Matt Candler had some tickets to the show and asked if I wanted to go. Of course I said yes. Over all it was a great time of worship but there was one thing that troubled me. It wasn’t the lights or the sound or the performance aspect of what they were doing. It was the disconnect with more eschatological songs during Phil’s set.
If you have not heard Phil Wickham’s new album ‘Heaven and Earth’ you should pick it up. It is awesome. It takes you on a journey from Eden to the return of Jesus. Anyway back to the main issue…
While the 500 or so people that were there could easily enter into the songs that I will call the ‘Happy Jesus, Everything Will Be OK!’ songs there was an immediate disconnect that happened when Phil started his song about eagerly awaiting the return of Jesus to the earth. I looked around and Matt C., myself and the various other IHOPer’s that were there were the only ones singing and proclaiming ‘We are waiting, anticipating, Your arrival, Your arrival’. It was the strangest thing in the world. My initial reaction was that of ‘If you can sing about the happy Jesus with so much fervor, how much more should you people be singing about the return of Him?!’

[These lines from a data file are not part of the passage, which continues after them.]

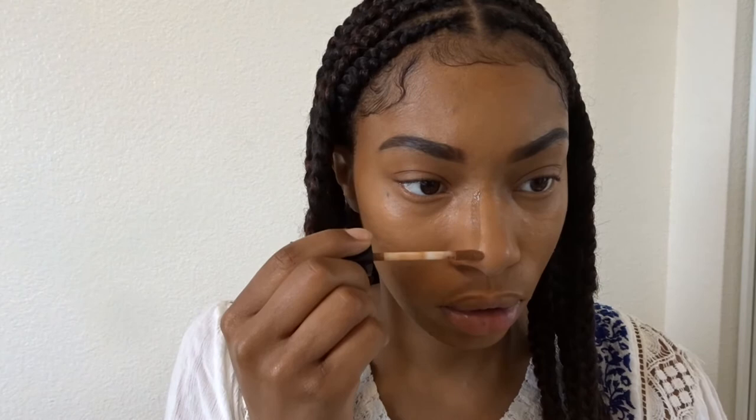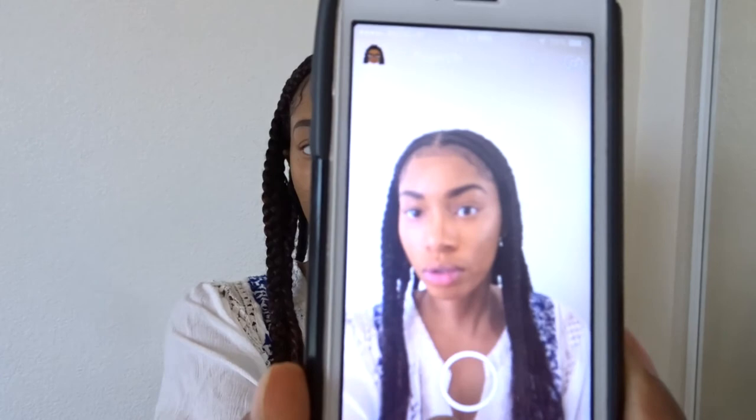Now I'm contouring my nose, my forehead, and my cheekbones in the color dark coca, and of course I'm going to blend that out as well. But before I do, I want to take a little selfie on Snapchat.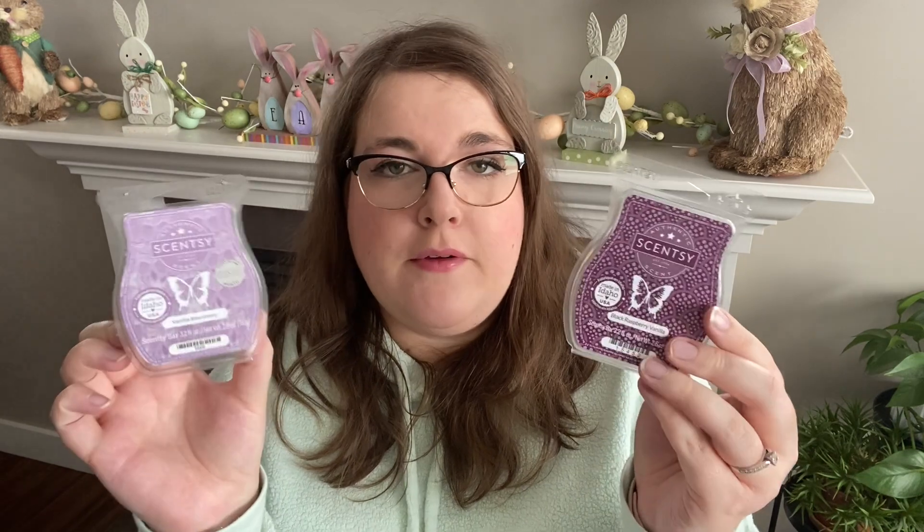Then I did the wax war bars. The wax war that won was the purple berries — Black Raspberry Vanilla and Vanilla Blackberry. During this wax war I was on day two and my sense of smell completely gave out. So I'm going to repeat this wax war. I do have more of this scent, so I'm going to repeat it before I film that video, just to make sure the results are the same, because I couldn't smell very well during it.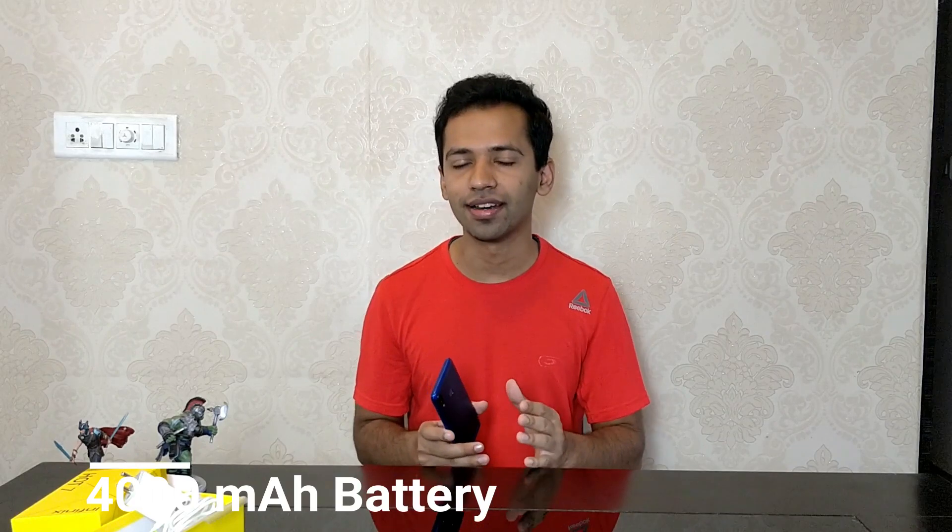The phone has a 4,000 mAh battery, which is quite big. To charge from 0 to full takes around 2 to 2.5 hours. But the good thing is, the battery lasts a long time — around one full day of normal regular usage, and even more if your usage is light, because the HD Plus display and the processor are not too power-hungry.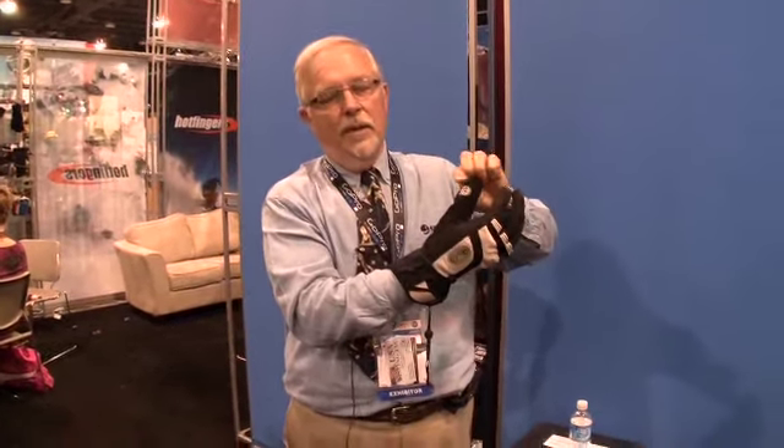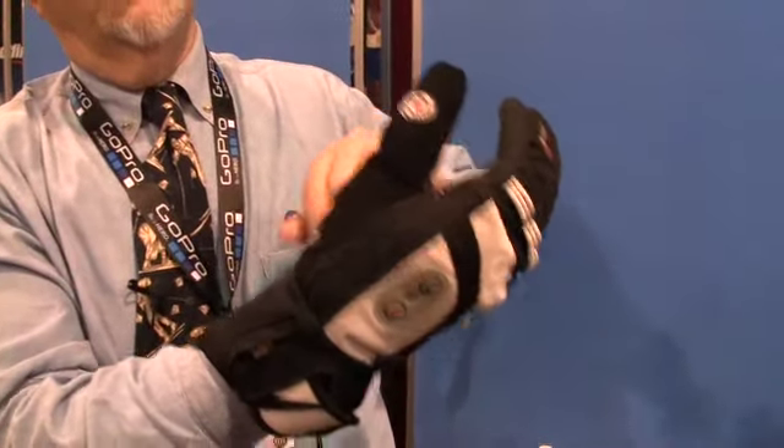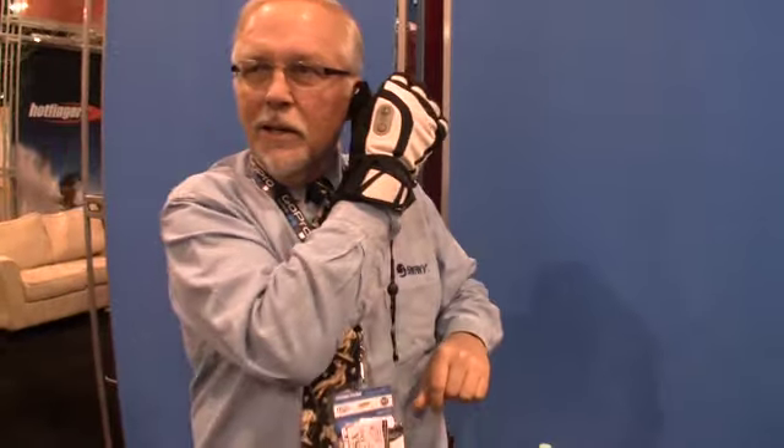You put the receiver to your ear, which is here on the thumb, and the microphone is down here. You take those two and you put it up to your ear, speak into the microphone, and you're connected to whoever the party is on the other end.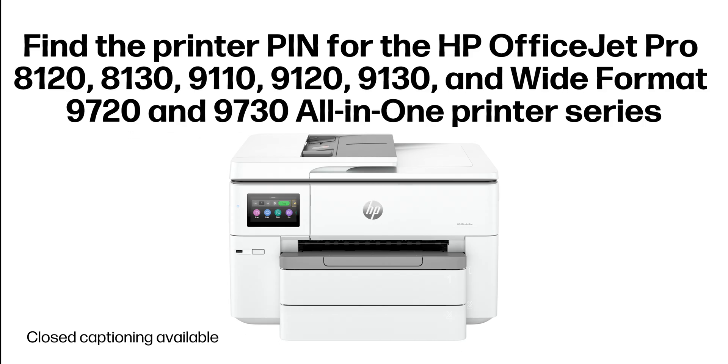Find the printer PIN for the HP OfficeJet Pro 8120, 8130, 9110, 9120, 9130, and wide-format 9720 and 9730 all-in-one printer series.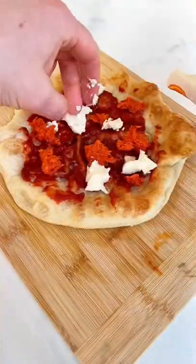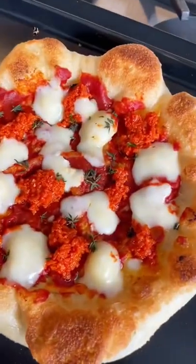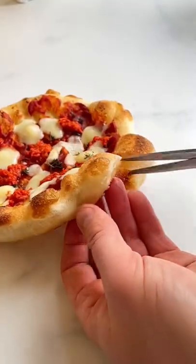Finish under the grill with your favorite toppings. I use tomato paste, 'nduja which is a spreadable spicy sausage, taleggio and thyme. I'm not joking, this one is a must try at home.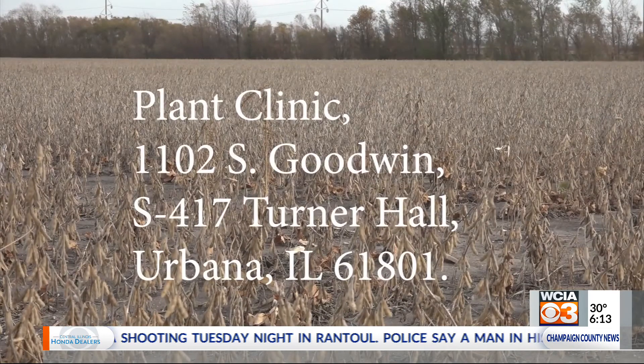The U of I plant clinic can handle that for you. That's our report from the farm. I'm Stu Ellis with WCIA 3, your local news leader.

Then it hit me, we need to reacquaint the Body of Christ to the timeline, we need to be messengers of the story. Not just messengers of the ideas, but the actual storyline. The disconnect comes from not hearing the storyline only hearing ideas of heaven and 30 second ‘it’s gonna be so goods’. The Church, for the most part, as a whole does not realize their place in the storyline because it is not getting preached from the pulpits. So many messages in this day and age are about tolerance, or our economy and the ‘what is in it for you’ messages. A watered down gospel of false grace and peace is being proclaimed and therefore the church is looking for those ‘everything is gonna be alright’ songs and connecting to those.
So what does that mean for those who are called to proclaim the message of the forerunner? It means we need to be in love with the storyline and let it gush out of us. If we ourselves don’t have the storyline down how can we share it with those who never hear it? We need to know it all! The covenants, the promises, the prophesies, the history and the restoration! Heaven on earth, oh the glorious day! (Revelation 21) The Church needs to start to hear the storyline. They need to hear about the return of the King to the Earth to take His rightful place. You can only get so far on ‘everything is gonna be alright’, if you base all that you are on that mentality it is inevitable that you will lose sight of the end goal, or lose sight of Love.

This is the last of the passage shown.